Jon Riches, Goldwater Institute

Jon Riches is the Director of National Litigation for the Goldwater Institute’s Scharf-Norton Center for Constitutional Litigation and General Counsel for the Institute.

He litigates in federal and state trial and appellate courts in the areas of economic liberty, taxpayer rights, public union and pension reform, government transparency, free speech, and school choice, among others.

Jon has developed and authored several pieces of legislation, including the landmark Right to Earn a Living Act, which provides some of the greatest protections in the country to job-seekers and entrepreneurs facing arbitrary licensing regulations. He also developed legislation eliminating deference to administrative agencies in Arizona – a first of its kind regulatory reform that can serve as a model for the rest of the country.

His work at the Institute has been covered by national media, including the Wall Street Journal, CBS This Morning, Bloomberg News, and Politico.

Prior to joining the Goldwater Institute, Jon served on active duty in the U.S. Navy Judge Advocate General’s (JAG) Corps. While on active duty, Jon represented hundreds of clients, litigated dozens of Court-Martial cases, and advised commanders on a vast array of legal issues.

He previously clerked for Sen. Jon Kyl on the U.S. Senate Judiciary Committee, worked for the Rules Committee in the Arizona State Senate, and clerked in the Office of Counsel to the President at the White House. Jon received his B.A. from Boston College, where he graduated magna cum laude and Phi Beta Kappa. He earned his J.D. from the University of Arizona, James E. Rogers College of Law.

Jon was appointed by the President to serve as a Panel Member of the Federal Service Impasses Panel.

He is an officer in the U.S. Navy Reserve and a native of Phoenix, Arizona.

Sheldon Gilbert, Institute for Justice

Sheldon Gilbert is the director of the Institute for Justice’s Center for Judicial Engagement (CJE), which he joined in 2017. As CJE’s director, he educates the public about the proper role of judges in enforcing constitutional limits on the size and scope of government.
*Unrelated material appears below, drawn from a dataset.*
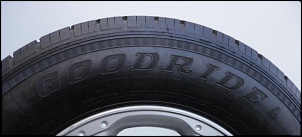 Vendo Jogo de Pneus Aro 17 - GoodRide 265/65 R17-pneu_03.jpg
Before joining IJ, Sheldon worked as a litigator for the U.S. Chamber Litigation Center, where he represented the Chamber in over 400 cases in federal and state courts addressing a host of important business law issues—from property rights to free speech—including nearly a hundred cases before the U.S. Supreme Court.

Sheldon has extensive experience in administrative, constitutional, and environmental law, and has been involved in some of the most consequential Supreme Court cases of the last decade in these areas, such as UARG, et al. v. EPA (limits on agency deference for “major questions”) and NLRB v. Noel Canning (constitutionality of purported “recess” appointments).

A native of the Mountain West states of Idaho and Utah, Sheldon nonetheless considers himself a carioca at heart after living two years in Rio de Janeiro, Brazil.  He graduated with honors from The George Washington University Law School in 2008, where he co-founded the national Religious Freedom Moot Court.  In 2005, Sheldon received his undergraduate degree in history from the University of Utah in Salt Lake City, Utah, where he was an avid policy and parliamentary debater.

He lives in Arlington, Virginia with his wife and four children. He regrets to inform you that it is more likely than not that at least one of his kids will grow up to be a supervillain.  In Sheldon’s free time, he’s an adjunct law professor, an avid reader, a genealogical researcher, and a pro bono litigator for military veterans, widows, and others.

The Honorable Jeffrey Sutton, United States Court of Appeals for the Sixth Circuit

Jeffrey S. Sutton sits on the United States Court of Appeals for the Sixth Circuit. Judge Sutton was a partner with the law firm of Jones Day Reavis & Pogue in Columbus, Ohio, and served as State Solicitor of the State of Ohio. He also served as a law clerk to the Honorable Lewis F. Powell, Jr. (Ret.), the Honorable Antonin Scalia and the Honorable Thomas J. Meskill.

Eric Treene, United States Department of Justice

Treene has written and lectured widely on the First Amendment and religious freedom and coordinates the Civil Rights Division’s cases involving religious discrimination in employment, public accommodations, public facilities, education and housing; the protection of houses of worship from discrimination in zoning law; the religious rights of inmates and the prosecution of crimes based on religious bias. He also manages the Justice Department’s efforts to protect Muslims, Sikhs, Arab-Americans and Asian-Americans from discrimination and bias crimes resulting from 9/11 and the war on terror.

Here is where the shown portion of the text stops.